◆ **Assignment**: Start to finish, print the data below exactly, without the images.
---- Data provided
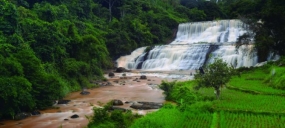 Curug Puncak Jeruk à Sukabumi.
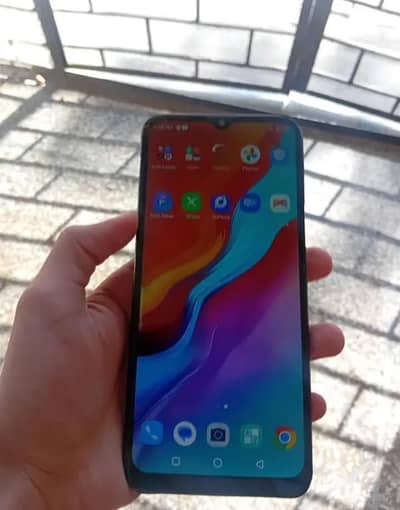 Infinix hot 8 - 3+1/32 storage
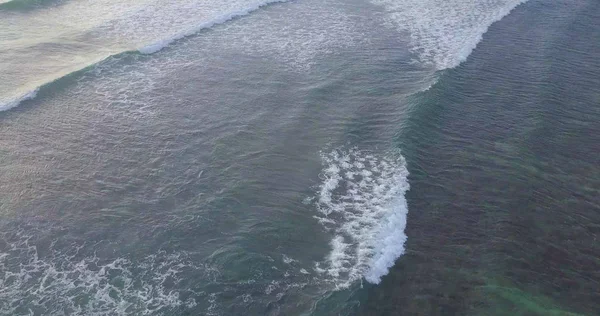 Vista Aérea Hermosa Las Olas Del Mar Desde Dron Stock — Foto de Stock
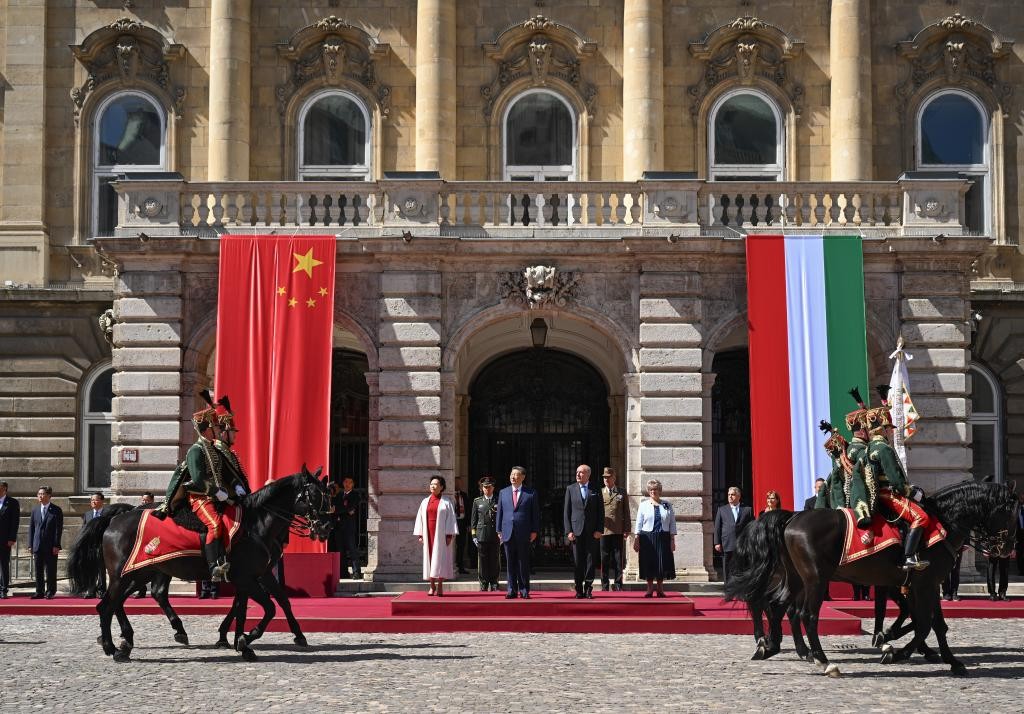 习近平主席欧洲之行发出和平、团..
--------
◆ **Worked solution**:
 Curug Puncak Jeruk à Sukabumi.
 Infinix hot 8 - 3+1/32 storage
 Vista Aérea Hermosa Las Olas Del Mar Desde Dron Stock — Foto de Stock
 习近平主席欧洲之行发出和平、团..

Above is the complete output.